| INSTRUCTIONS TO FOLLOW |
Write out each record exactly and skip every image.

(Short web captions)
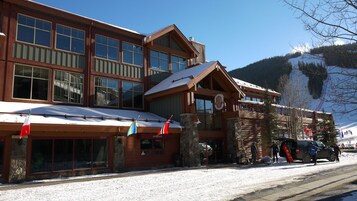 Condo, 2 Bedrooms | Exterior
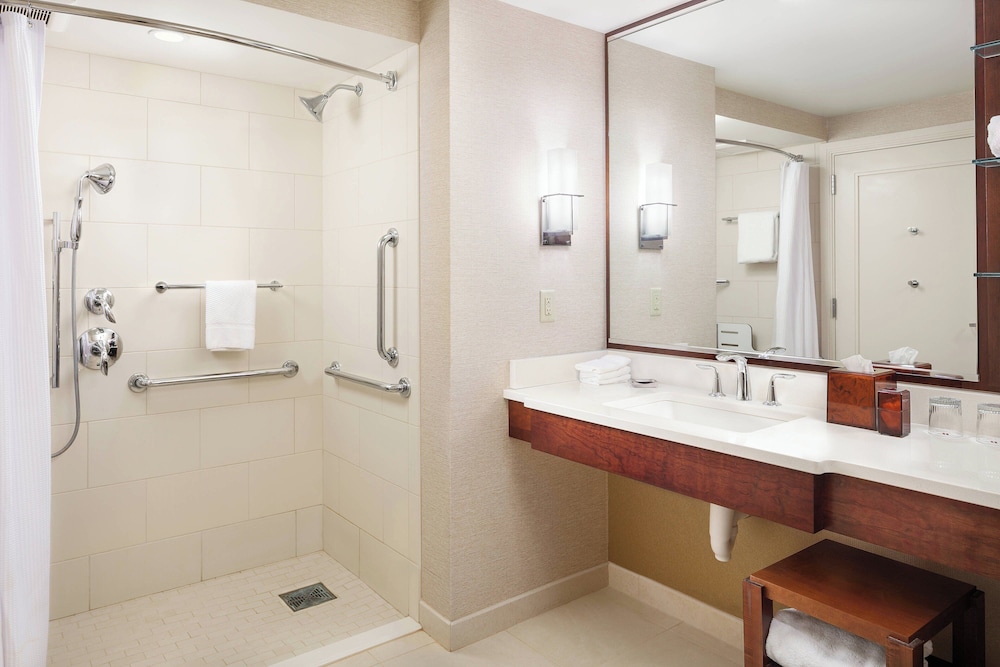 Marriott Milwaukee Downtown - photo 35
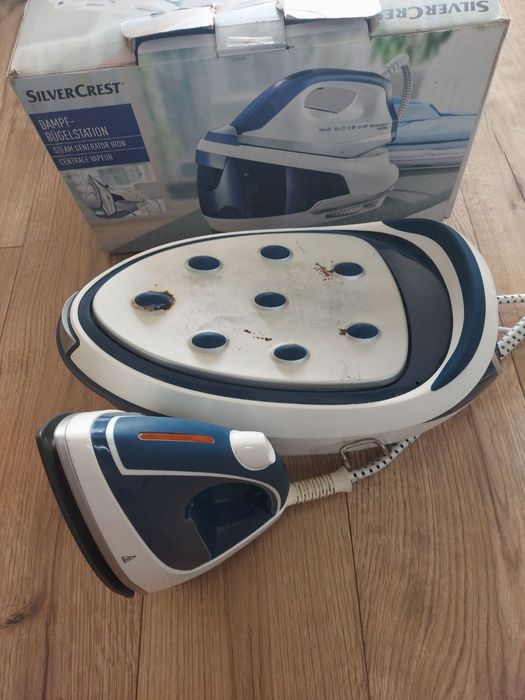 Żelazko parowe ze stacją do prasowania parą poziom pion stacją bazową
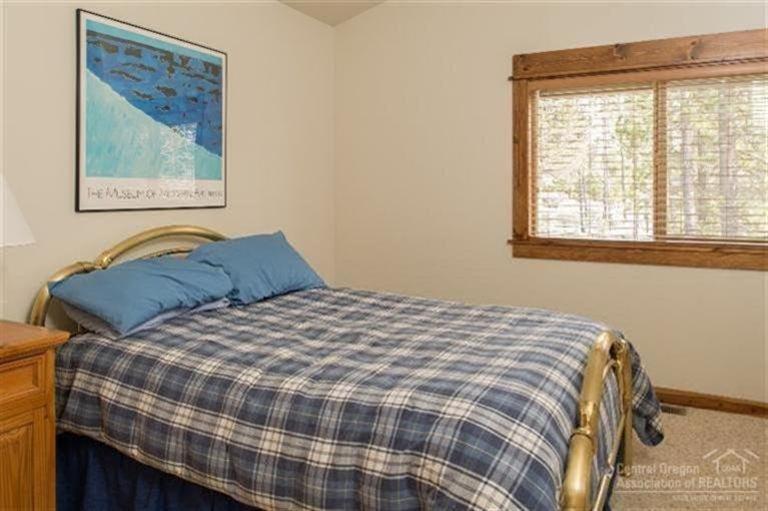 26 Oregon Loop Sunriver, OR 97707 - Photo 17 of 19 The vaulted ceiling creates an open and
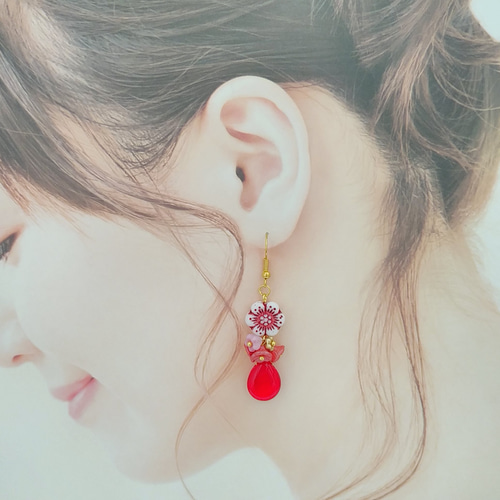 #1001 再販 シルバー レッド チェーン ピアス イヤリング ハンドメイド 1001 再販 シルバー レッド チェーン ピアス イヤリング ハンドメイド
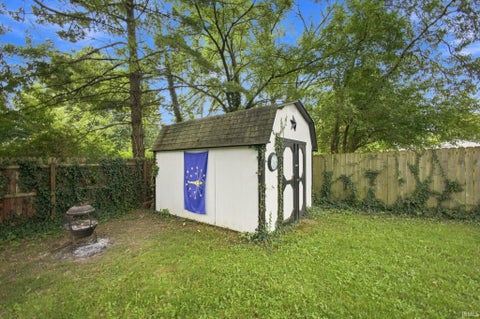 Tiny photo for 8831 Hollowood Drive, Indianapolis, IN 46234 (MLS # 202635305)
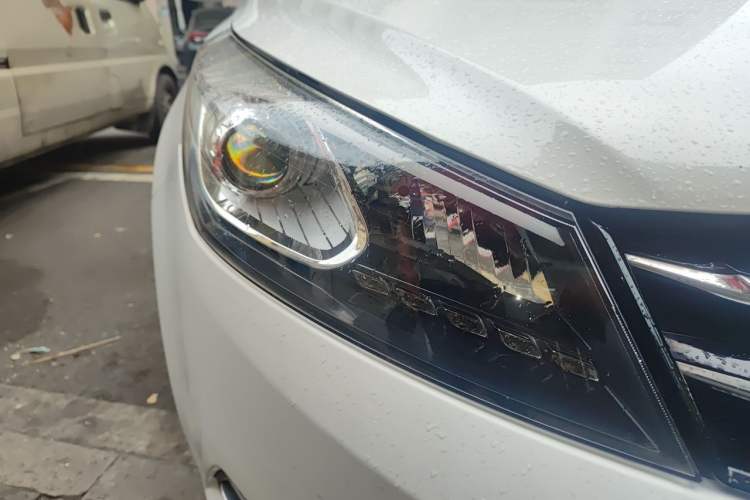 Used Zotye Z500 2016 1.5T CVT Luxury Model Right Front Headlight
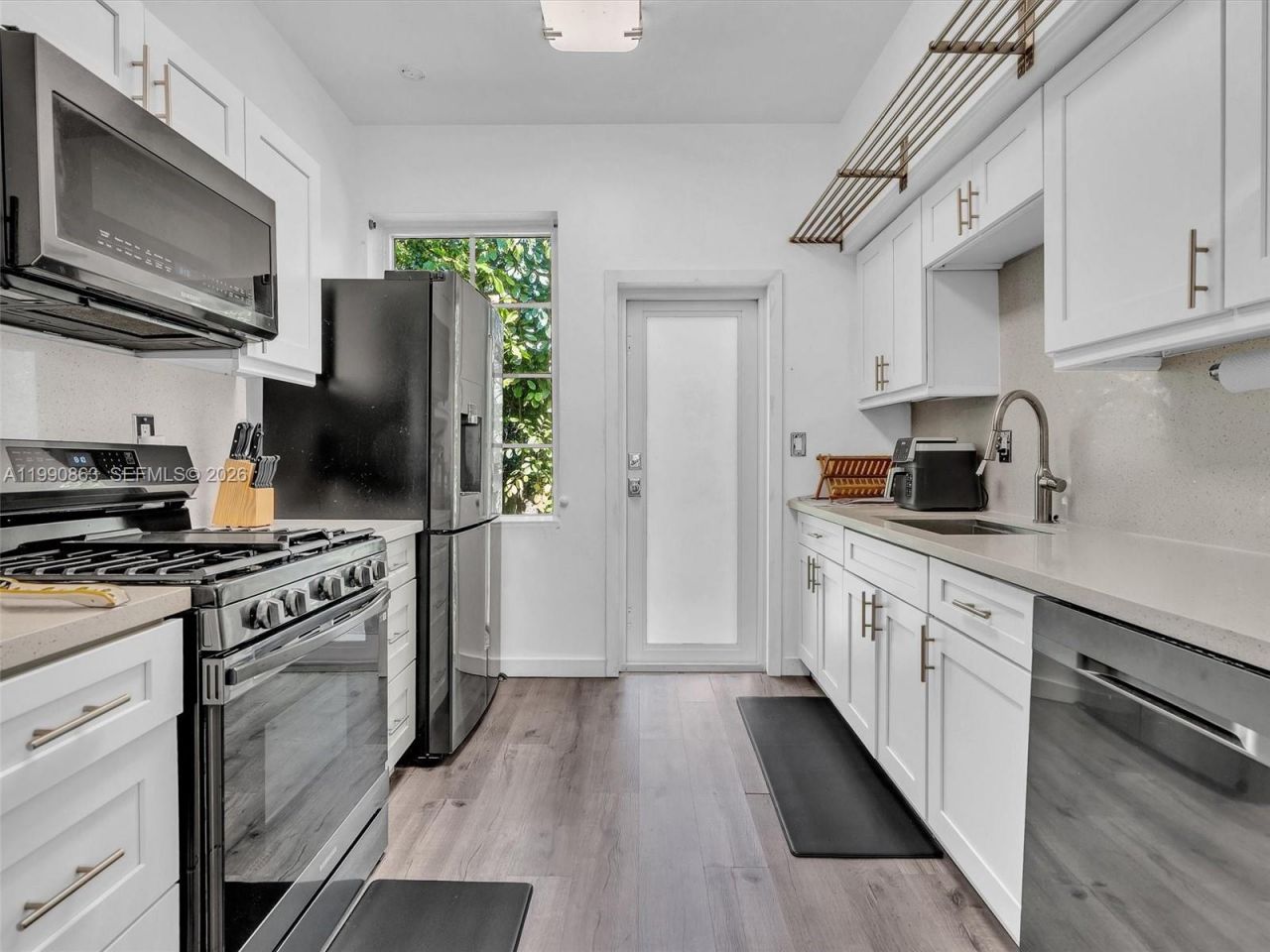 910 Lenox Ave, Unit 2, Miami Beach, FL 33139 Photo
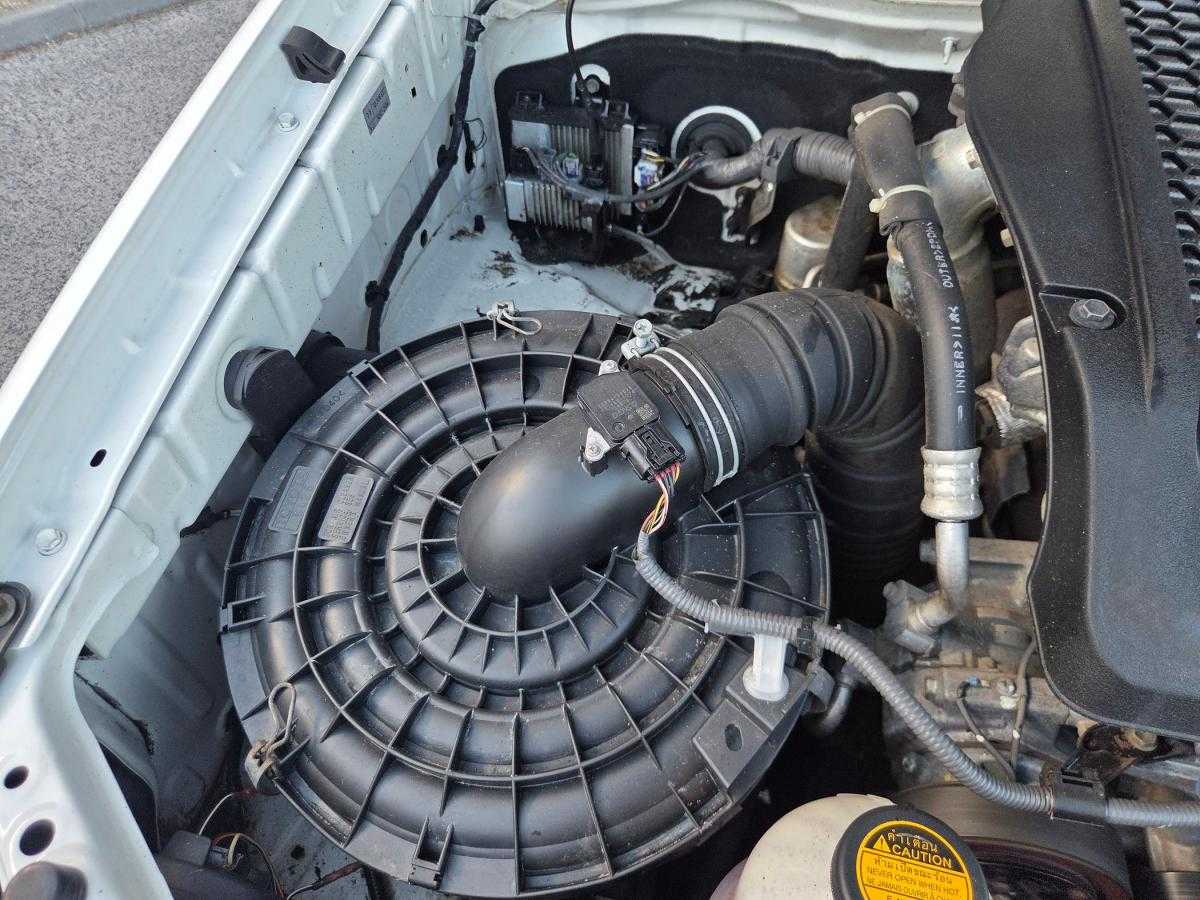 toyota-hilux-2011-diesel-2494cc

| TASK OUTPUT |
 Condo, 2 Bedrooms | Exterior
 Marriott Milwaukee Downtown - photo 35
 Żelazko parowe ze stacją do prasowania parą poziom pion stacją bazową
 26 Oregon Loop Sunriver, OR 97707 - Photo 17 of 19 The vaulted ceiling creates an open and
 #1001 再販 シルバー レッド チェーン ピアス イヤリング ハンドメイド 1001 再販 シルバー レッド チェーン ピアス イヤリング ハンドメイド
 Tiny photo for 8831 Hollowood Drive, Indianapolis, IN 46234 (MLS # 202635305)
 Used Zotye Z500 2016 1.5T CVT Luxury Model Right Front Headlight
 910 Lenox Ave, Unit 2, Miami Beach, FL 33139 Photo
 toyota-hilux-2011-diesel-2494cc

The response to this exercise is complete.